## Task requirements
Exactly reproduce the lines from the line bearing "Thumbnail: 2022 Ford Escape - 11" through the end of the listing, inclusive of both; pictures are to be omitted.

## Exercise data
····················
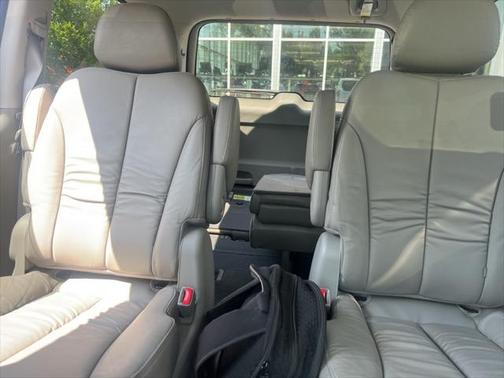 2014 Kia Sedona EX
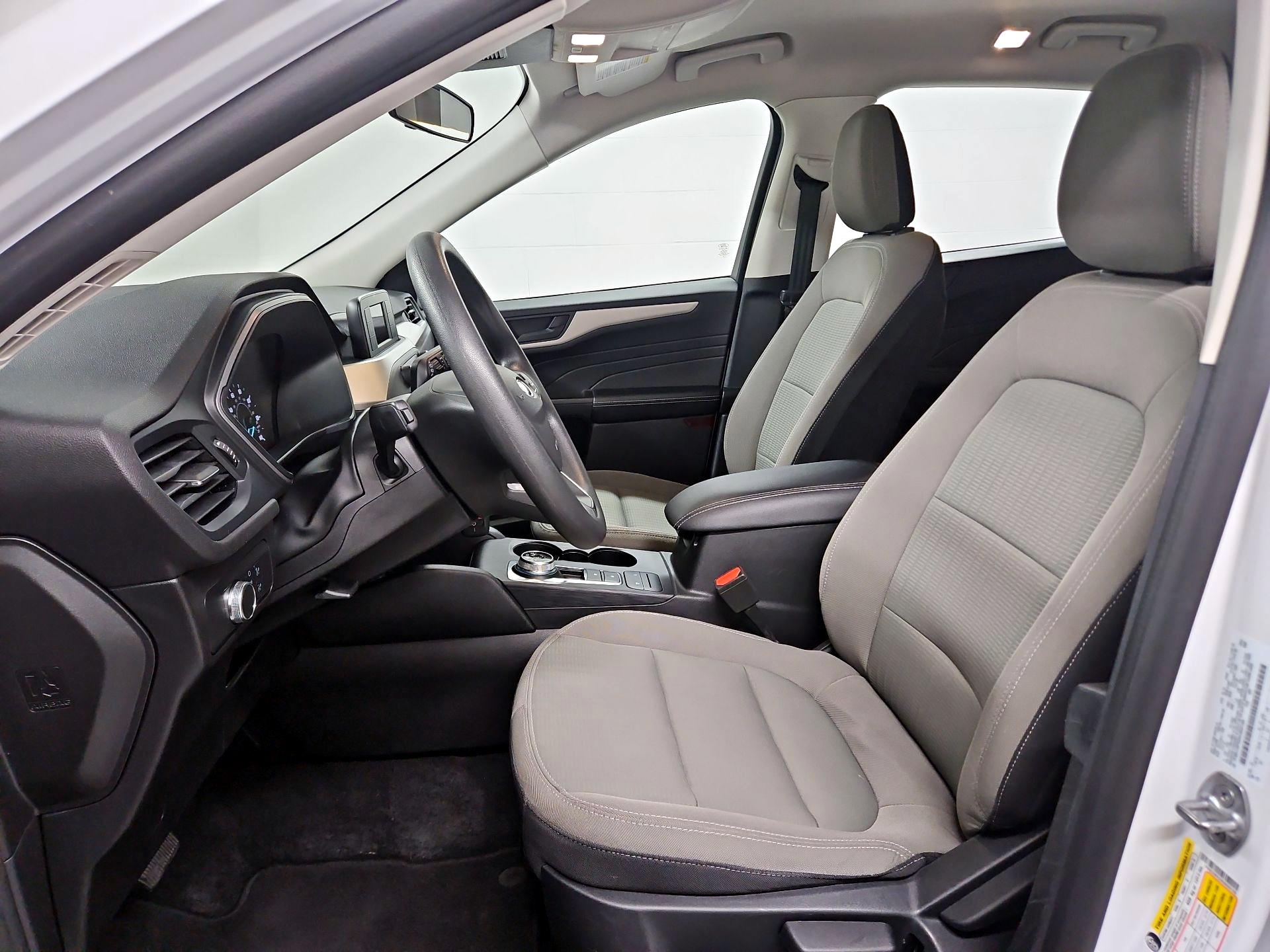 Thumbnail: 2022 Ford Escape - 11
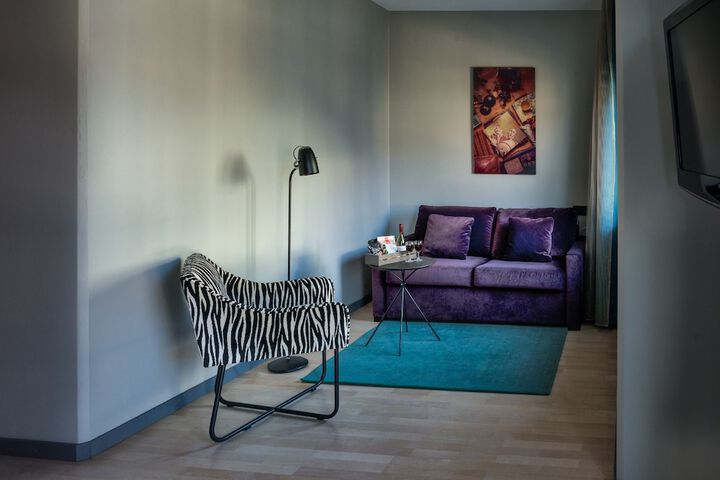 Room 6 of 100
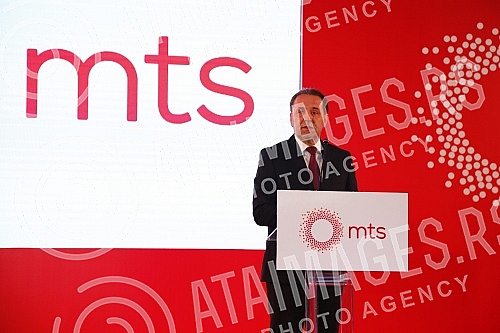 At the Belgrade Fair MTS company presented the possibilities of 5G technology.Na Beogradskom sajmu kompanija MTS predstavila je mogucnosti tehnologije 5G.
····················
## Exercise result
 Thumbnail: 2022 Ford Escape - 11
 Room 6 of 100
 At the Belgrade Fair MTS company presented the possibilities of 5G technology.Na Beogradskom sajmu kompanija MTS predstavila je mogucnosti tehnologije 5G.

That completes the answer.